Polymer drift in a solvent by force acting on one polymer end

TL;DR

This paper studies how hydrodynamic interactions influence the non-equilibrium drift behavior of a flexible polymer under force, revealing nonlinear dynamics and different screening regimes depending on force and chain length.

Contribution

It provides a theoretical analysis of polymer drift under force, incorporating hydrodynamic interactions and identifying regimes with nonlinear and logarithmic corrections.

Findings

Velocity and elongation are nonlinear functions of force at moderate levels.

Hydrodynamic interactions are screened at large forces with finite chain length.

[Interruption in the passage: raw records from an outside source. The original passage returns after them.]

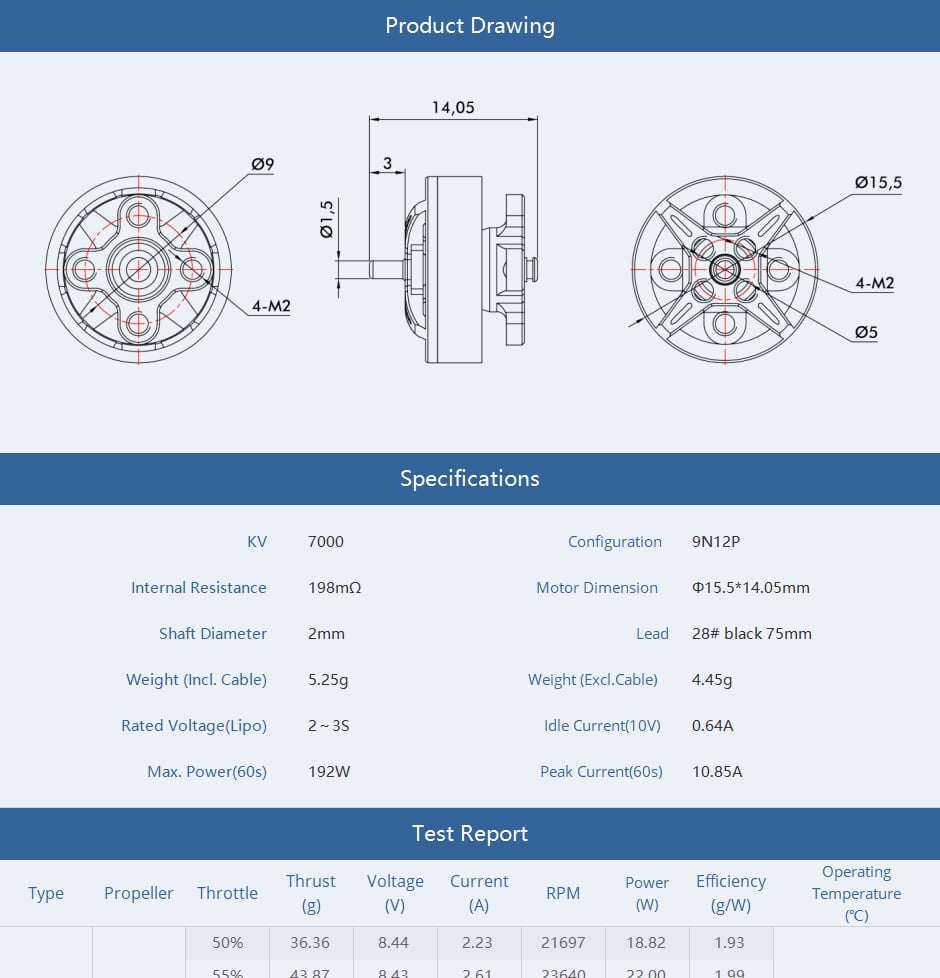 T-Motor F1203 7000KV 2-3S Brushless Motor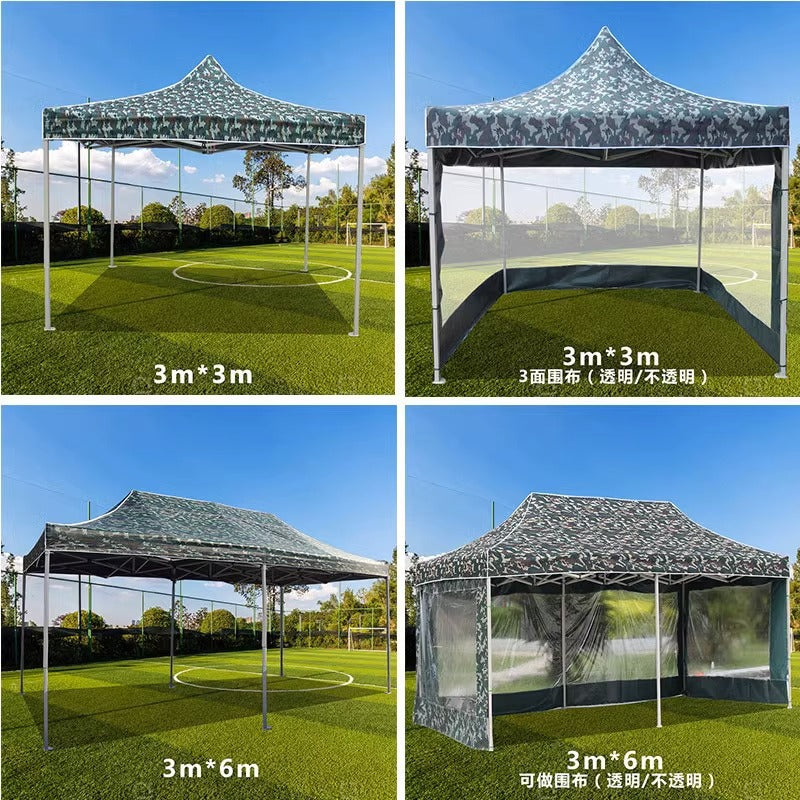 Outdoor Four-Legged Camouflage Tent Four-Corner Rain Shelter Umbrella Foldable Canopy Rain Cover Stall Canopy Rainproof Sunshade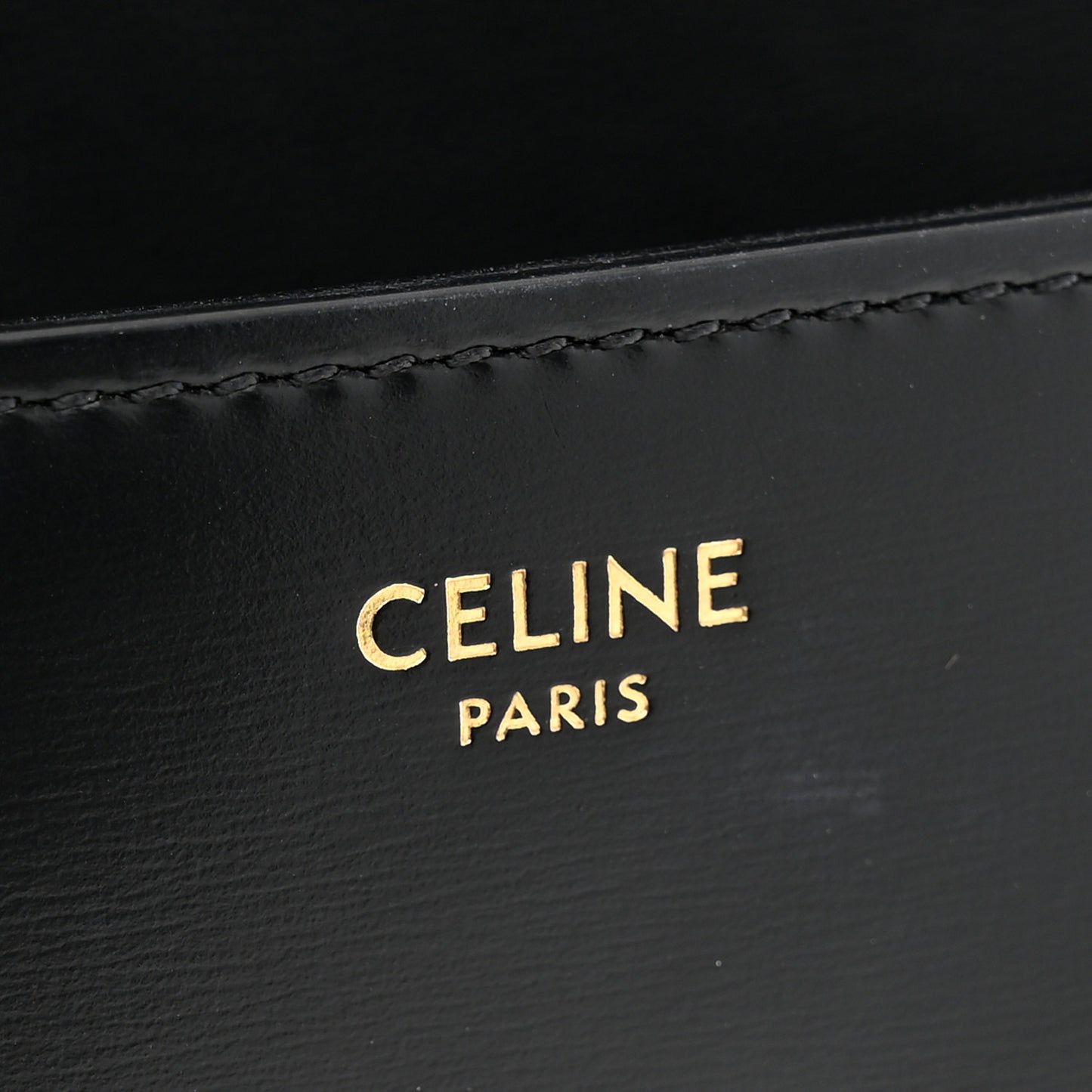 Shiny Calfskin Triomphe Shoulder Bag Black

Logarithmic corrections appear in velocity and elongation for large chains and forces.

Abstract

We investigate the effect of hydrodynamic interactions on the non-equilibrium drift dynamics of an ideal flexible polymer pulled by a constant force applied at one end of the polymer using the perturbation theory and the renormalization group method. For moderate force, if the polymer elongation is small, the hydrodynamic interactions are not screened and the velocity and the longitudinal elongation of the polymer are computed using the renormalization group method. Both the velocity and elongation are nonlinear functions of the driving force in this regime. For large elongation we found two regimes. For large force but finite chain length $L$ the hydrodynamic interactions are screened. For large chain lengths and a finite force the hydrodynamic interactions are only partially screened, which in three dimensions results in unusual logarithmic corrections to the velocity and the longitudinal elongation.